Pichai is the latest in a parade of tech executives who have faced the Washington treatment over the last year. Legislators are angry about the possible effect of social media on elections, data breaches, perceived partisan bias and other issues. Top lawyers for Facebook, Twitter and Google testified before Congress in October 2017. Mark Zuckerberg followed in April. His deputy Sheryl Sandberg and Twitter chief executive Jack Dorsey got their turn in September.

After all that face time, politicians should be up to speed. They’re not. Several lawmakers asked Pichai questions about the iPhone, made by Apple AAPL.O . Congressman Steve Cohen asked Pichai to set up an “online Google school” and a telephone help line in which users could talk to actual people. There were probing queries, but they were few. Representative Doug Collins ticked through a list of factors including GPS and Wi-Fi to ask Pichai if Google collects data.

It’s worrying, because Congress faces the task of working out how to increase privacy standards and spur competition. Congressman Steve King, who criticized Google for a bias against conservatives and Republicans, said the company should release the names of the more than 1,000 employees on its search team so lawmakers can study their social media comments for any partisanship. If it declined, he suggested Google publicize its search algorithms.

Lawmakers are not expected to be tech experts and rely on their staff to brief them on issues.
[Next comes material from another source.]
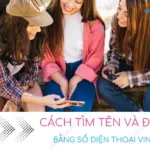 cach tim ten va dia chi bang so dien thoai vinaphone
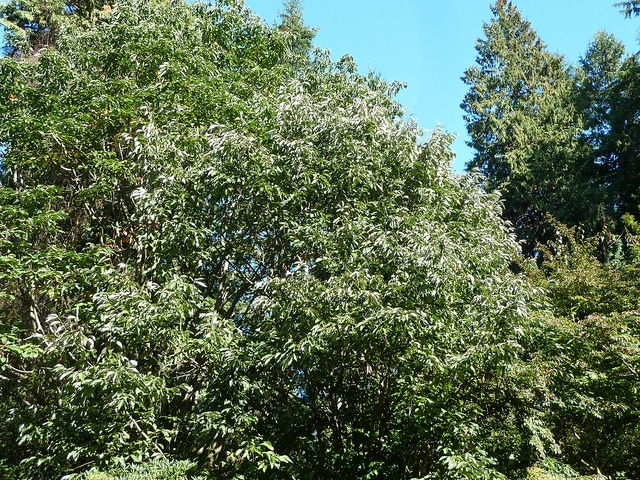 Sorbus hemsleyi (Sorbus hemsleyi)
But it is their responsibility to be sufficiently informed that they can effectively question executives and hammer out useful legislation.

Besides, complex topics are nothing new. Most members of Congress were not familiar with over-the-counter derivatives until they put together the post-financial crisis Dodd-Frank legislation in 2010. Their plan requiring central clearing for swaps is praised even by the banking industry. If tech regulation is going to be effective without being excessively onerous – or focused on the wrong issues – lawmakers have some brushing up to do.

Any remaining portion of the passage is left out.